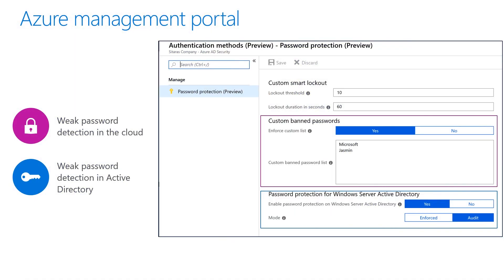Azure AD password protection provides a unified admin experience for smart lockout, banned passwords, and enabling password protection in your on-prem environment. In order to configure your password protection settings, you'll need to first log into the Azure Portal with a global administrator or a security administrator account. Navigate to Azure Active Directory, then authentication methods, and there you'll see the password protection blade.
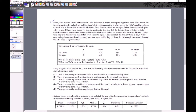Frank and his sister decide to collect data to see if letters from Japan to Texas take longer. Since we're testing 'taking longer,' HA is that mu1 is greater than mu2. They record delivery times in days, decide the assumptions are okay, perform a two-sample t-test, and obtain the output. The sample sizes are 12 for Japan to Texas and 9 for Texas to Japan, along with the two means and standard deviations.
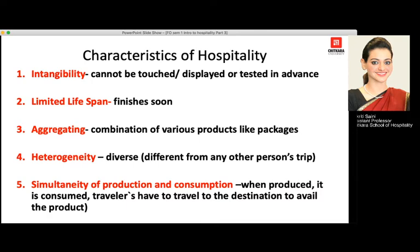The third characteristic is aggregating — a combination of various products like packages that include sightseeing, meals, accommodation, water activities, beach activities, mountain activities, and trekking. The fourth is heterogeneity, meaning it is diverse. What I experienced at a certain location would not be the same as what another person experiences — everybody has their own diverse thoughts about a trip.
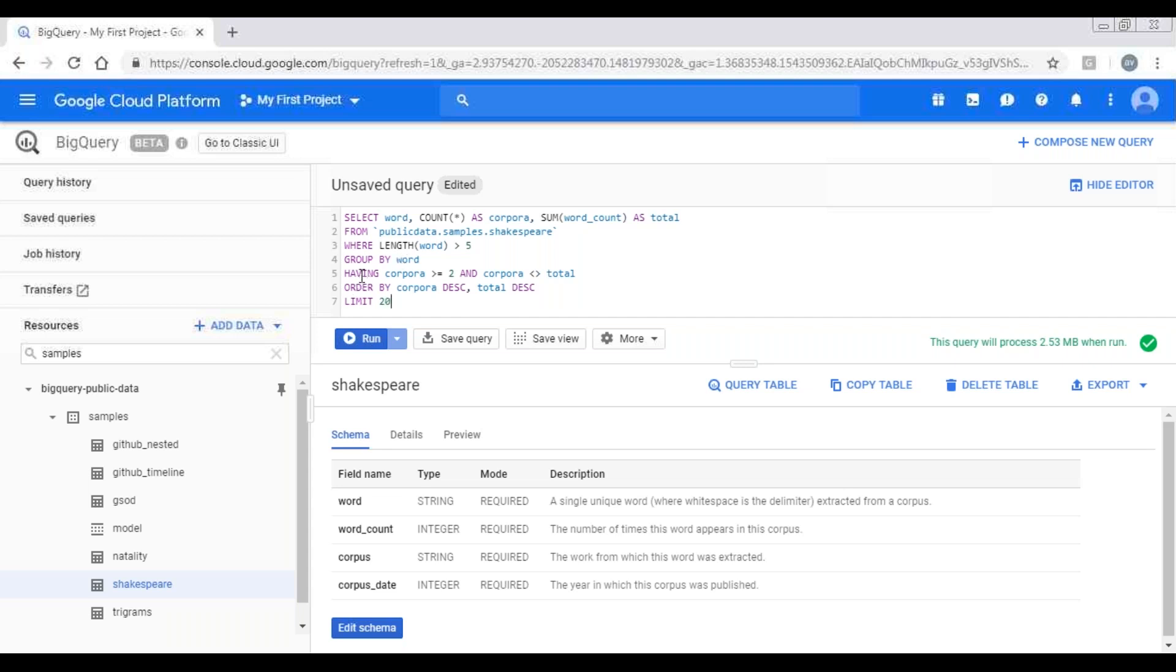And in having, I have applied two more different filters. And in order by, I have applied the order in which the data should be displayed. And I'm limiting the query results up to 20 records. So you may observe one thing here, I have applied the filter conditions in two places: one is where clause and another is having clause. What is the difference?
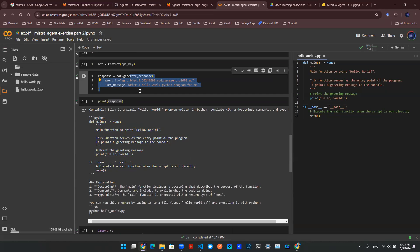So with that being said, hang tight, come back in part three, and we're going to design an agent using Mistral AI. Thank you for watching. Subscribe and like.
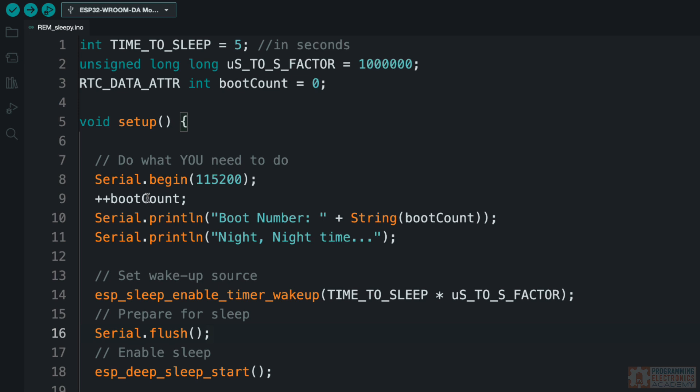Okay. So we increment boot count and then I just print some stuff out. So, hey, what's the boot number? I just print this value to the serial monitor and then I say we're going to sleep. So this is kind of what I need to do. Maybe what you need to do is read some sensor values and then you need to open a Wi-Fi connection or a Bluetooth scan or something like that. Whatever you got to do, you do that here.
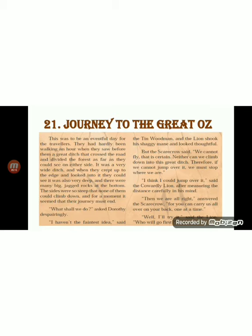For a moment it seemed that their journey must end. 'What shall we do?' asked Dorothy despairingly — she was upset and without hope. 'I haven't the faintest idea,' said the Tin Wood Man. The lion shook his shaggy mane and looked thoughtful. Shaggy means long, thick and untidy.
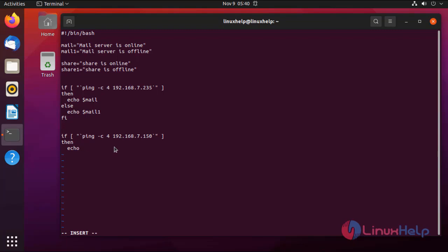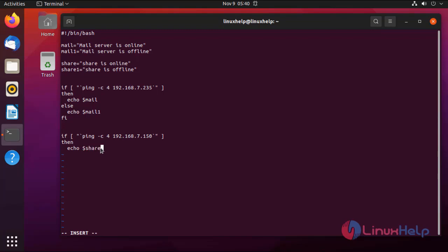Here I am assigning a variable for the share server. This means if this IP address pings successfully, it will show 'share is online'. If this IP address's ping fails, it will show 'share is offline'.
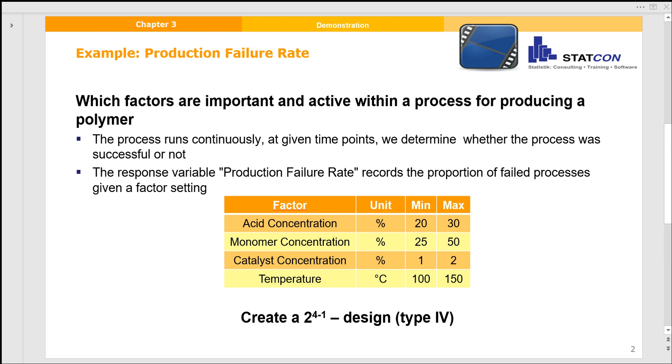Welcome to this Design Expert tutorial. Today I want to show you how to set up a screening design in Design Expert. To do this, I brought a little example with me. We want to look at the production of a polymer by examining four process factors: the acid concentration, the monomer concentration, the catalyst concentration, and the temperature. The response variable is the failure rate, which records the proportion of failed processes—the reactions where we don't get a high-quality product.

DESCRIPTION OF THE TASK
Please transcribe the entries exactly, omitting the images.

FINISHED TASK
Azure AD password protection provides a unified admin experience for smart lockout, banned passwords, and enabling password protection in your on-prem environment. In order to configure your password protection settings, you'll need to first log into the Azure Portal with a global administrator or a security administrator account. Navigate to Azure Active Directory, then authentication methods, and there you'll see the password protection blade.
Frank and his sister decide to collect data to see if letters from Japan to Texas take longer. Since we're testing 'taking longer,' HA is that mu1 is greater than mu2. They record delivery times in days, decide the assumptions are okay, perform a two-sample t-test, and obtain the output. The sample sizes are 12 for Japan to Texas and 9 for Texas to Japan, along with the two means and standard deviations.
The third characteristic is aggregating — a combination of various products like packages that include sightseeing, meals, accommodation, water activities, beach activities, mountain activities, and trekking. The fourth is heterogeneity, meaning it is diverse. What I experienced at a certain location would not be the same as what another person experiences — everybody has their own diverse thoughts about a trip.
And in having, I have applied two more different filters. And in order by, I have applied the order in which the data should be displayed. And I'm limiting the query results up to 20 records. So you may observe one thing here, I have applied the filter conditions in two places: one is where clause and another is having clause. What is the difference?
So with that being said, hang tight, come back in part three, and we're going to design an agent using Mistral AI. Thank you for watching. Subscribe and like.
Okay. So we increment boot count and then I just print some stuff out. So, hey, what's the boot number? I just print this value to the serial monitor and then I say we're going to sleep. So this is kind of what I need to do. Maybe what you need to do is read some sensor values and then you need to open a Wi-Fi connection or a Bluetooth scan or something like that. Whatever you got to do, you do that here.
For a moment it seemed that their journey must end. 'What shall we do?' asked Dorothy despairingly — she was upset and without hope. 'I haven't the faintest idea,' said the Tin Wood Man. The lion shook his shaggy mane and looked thoughtful. Shaggy means long, thick and untidy.
Here I am assigning a variable for the share server. This means if this IP address pings successfully, it will show 'share is online'. If this IP address's ping fails, it will show 'share is offline'.
Welcome to this Design Expert tutorial. Today I want to show you how to set up a screening design in Design Expert. To do this, I brought a little example with me. We want to look at the production of a polymer by examining four process factors: the acid concentration, the monomer concentration, the catalyst concentration, and the temperature. The response variable is the failure rate, which records the proportion of failed processes—the reactions where we don't get a high-quality product.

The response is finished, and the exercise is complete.